Probst-Massin maakte geweven en geknoopte (wand)tapijten en 'schilderijen' van verschillende stoffen. Samen met haar man ontwierp ze glas-in-loodramen die werden geplaatst in België, Duitsland en Luxemburg. Een voorbeeld van een gezamenlijk werk van Émile en Denise Probst is een ontwerp voor een wandtapijt van Onze-Lieve-Vrouw van Troost voor de kapel van Glacis onder Limpertsberg, een van de stadsdelen van Luxemburg.[3] Het is rechtsonder gesigneerd E+D Probst, ze gebruikten ook wel het monogram EPD (met een verlengde P).
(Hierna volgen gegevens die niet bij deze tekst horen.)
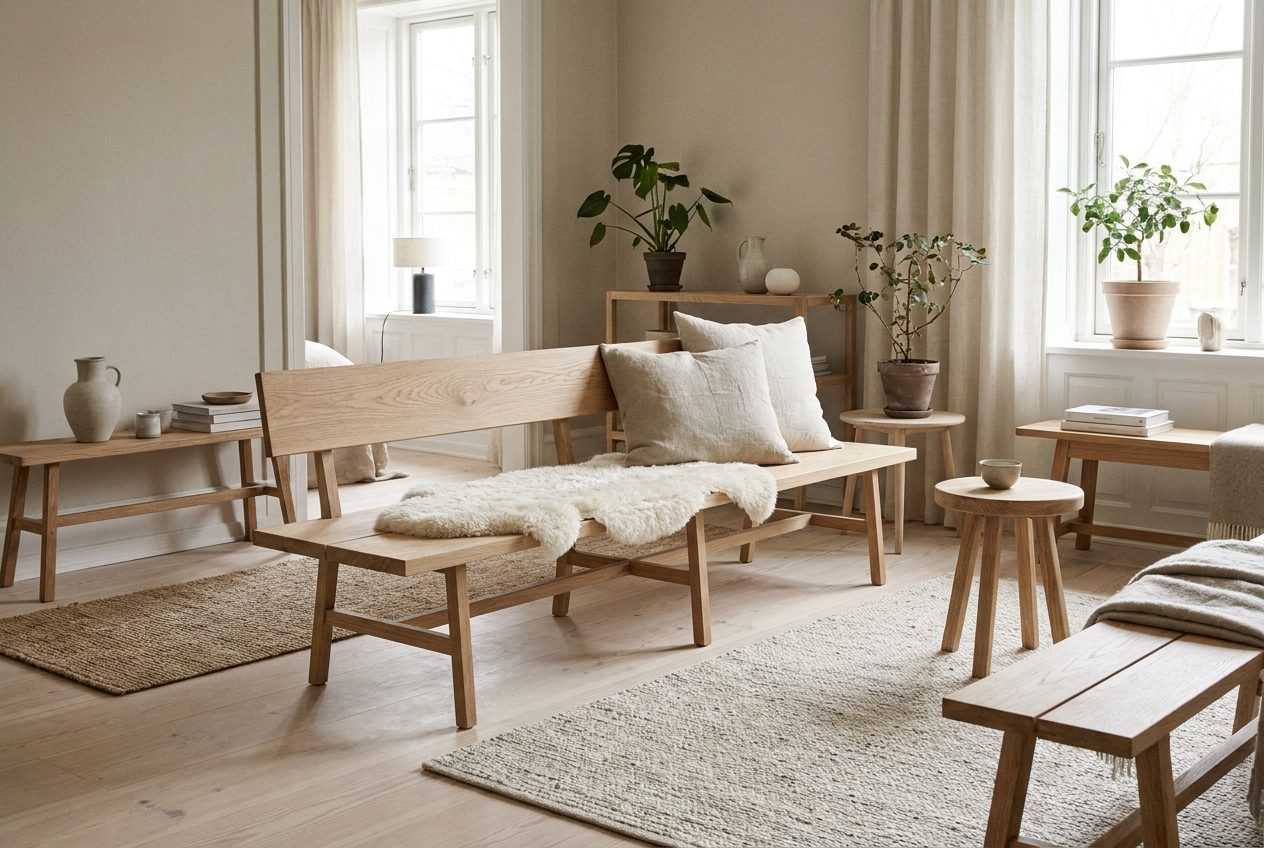 Banco de madera clara con respaldo y piel de oveja en un salon nordico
Het werk van Denise Probst werd een aantal keren samen met dat van haar schoonzus, de keramiste Colette Probst-Wurth, getoond, onder meer tijdens de Women's International Exposition in New York (1950), in Galerie La Cité (1977)[4] en -postuum- in Galerie Simoncini in Luxemburg-Stad (1984).
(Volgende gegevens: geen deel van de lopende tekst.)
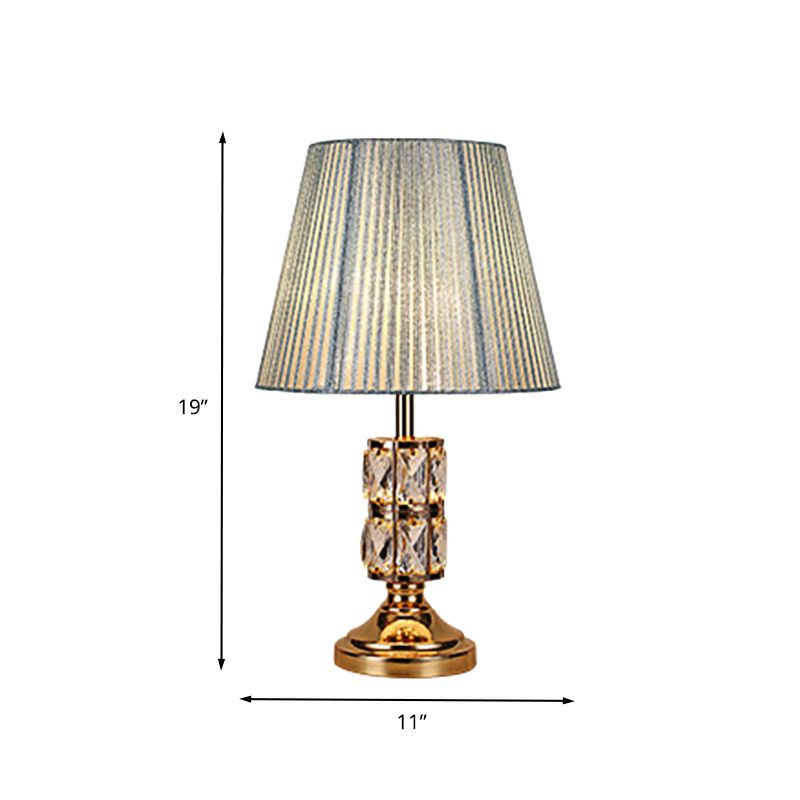1 Glühbirnen -Esszimmertischlampe moderne Goldschreibtisch Licht mit breitem Fackelstoffschatten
Denise Probst-Massin overleed op 67-jarige leeftijd.[5] Haar man maakte een herdenkingsraam, dat werd geplaatst in de kerk van Longsdorf.
Enkele werken
- 1950 wandtapijt Renaissant de mes cendres.[6]
- 1966 ontwerp wandtapijt (4x3 meter) van Onze-Lieve-Vrouw van Troost voor de kapel van Glacis, samen met haar man. Uitgevoerd door de firma De Wit.
- glas-in-loodramen voor de Sint-Pauluskerk (ca. 1953) in Heidstok (Völklingen, Duitsland), de Kirche Herz Mariä (1956) in Dorf im Wandt (Großrosseln, Duitsland), de Sainte-Vierge-Marie (1956) in Capellen (Luxemburg), de Martin-Luther-Kirche (1957) in Webenheim (Blieskastel, Duitsland) en voor de Église de la Nativité de la Bienheureuse-Vierge-Marie (1960) in Schlindermanderscheid (Luxemburg), in samenwerking met haar man.[7]